20(S)‎-Ginsenoside Rg3 Protects Kidney from Diabetic Kidney Disease via Renal Inflammation Depression in Diabetic Rats

Abstract EN

20(S)-Ginsenoside Rg3 (20(S)-Rg3) has been shown to induce apoptosis by interfering with several signaling pathways.

Furthermore, it has been reported to have anticancer and antidiabetic effects.

In order to detect the protective effect of 20(S)-Rg3 on diabetic kidney disease (DKD), diabetic rat models which were established by administering high-sugar, high-fat diet combined with intraperitoneal injection of streptozotocin (STZ), and age-matched wild-type (WT) rat were given 20(S)-Rg3 for 12 weeks, with three groups: control group (normal adult rats with saline), diabetic group (diabetic rats with saline), and 20(S)-Rg3 treatment group (diabetic rats with 20(S)-Rg3 (10 mg/kg body weight/day)).

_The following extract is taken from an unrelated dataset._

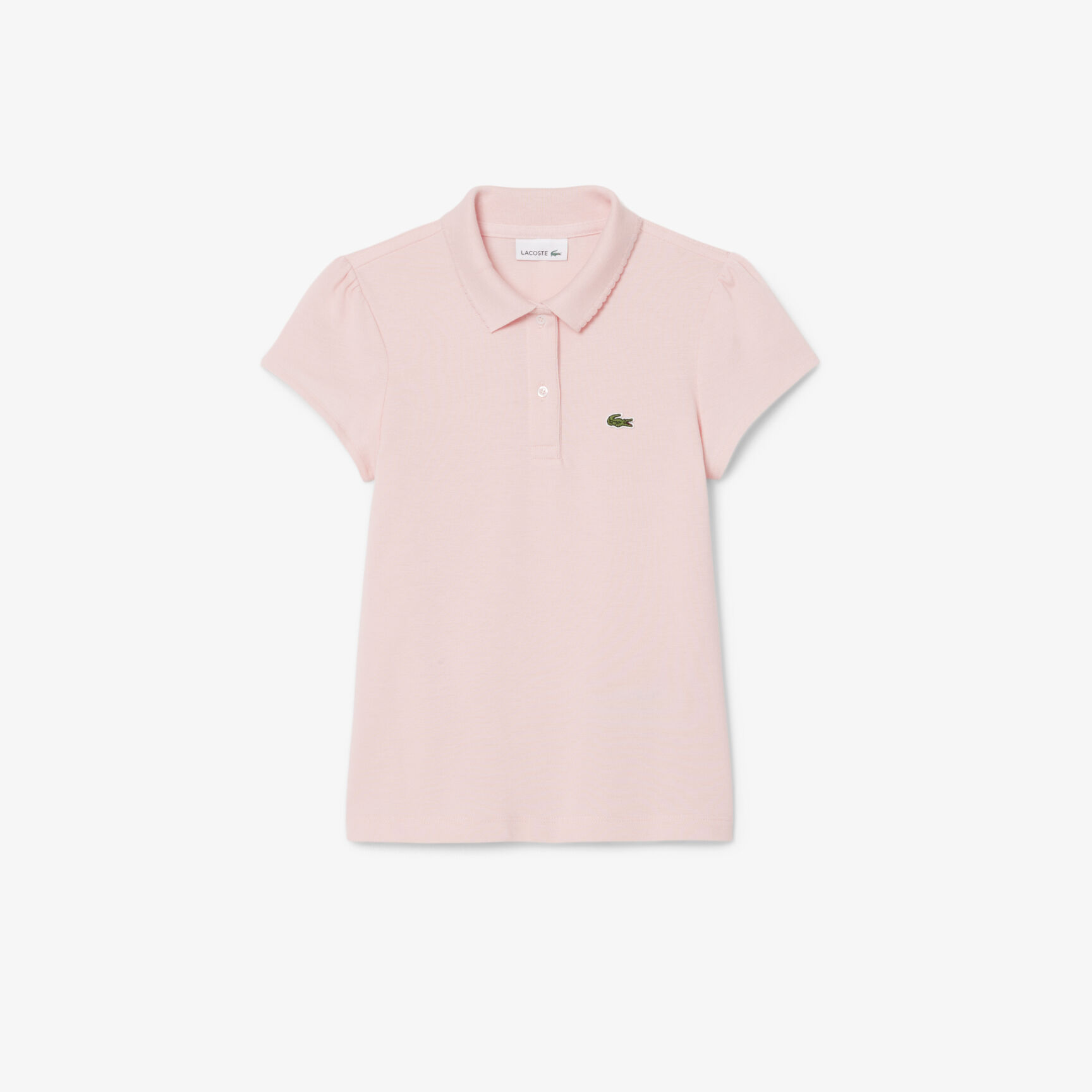 Scalloped Collar Mini Pique Polo Shirt Scalloped Collar Mini Pique Polo Shirt - PJ3594-00-KF9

The biochemical indicators and the changes in glomerular basement membrane and mesangial matrix were detected.

TUNEL staining was used to detect glomerular and renal tubular cell apoptosis.

Immunohistochemical staining was used to detect the expression of fibrosis factors and inflammation factors in rat kidney tissues.

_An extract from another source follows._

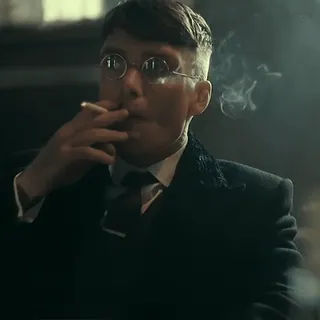 🚬 d2fffdf1 Thomas Shelby Peaky Blinders Thomas Shelby, Peaky Blinders, cigarette, smoking, man, portrait, 1920s telegram sticker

Through periodic acid-Schiff staining, we observed that the change in renal histology was improved and renal tubular epithelial cell apoptosis decreased significantly by treatment with 20(S)-Rg3.

Plus, the urine protein decreased in the rats with the 20(S)-Rg3 treatment.

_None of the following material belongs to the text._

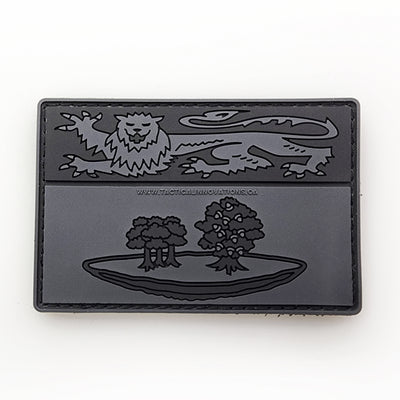 PVC Morale Patch - Provincial Flag - 2"x3" - Prince Edward Island - Black & Grey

Fasting blood glucose, creatinine, total cholesterol, and triglyceride levels in the 20(S)-Rg3 treatment group were all lower than those in the diabetic group.

Mechanistically, 20(S)-Rg3 dramatically downregulated the expression of TGF-β1, NF-κB65, and TNF-α in the kidney.

These resulted in a significant prevention of renal damage from the inflammation.

The results of the current study suggest that 20(S)-Rg3 could potentially be used as a novel treatment against DKD.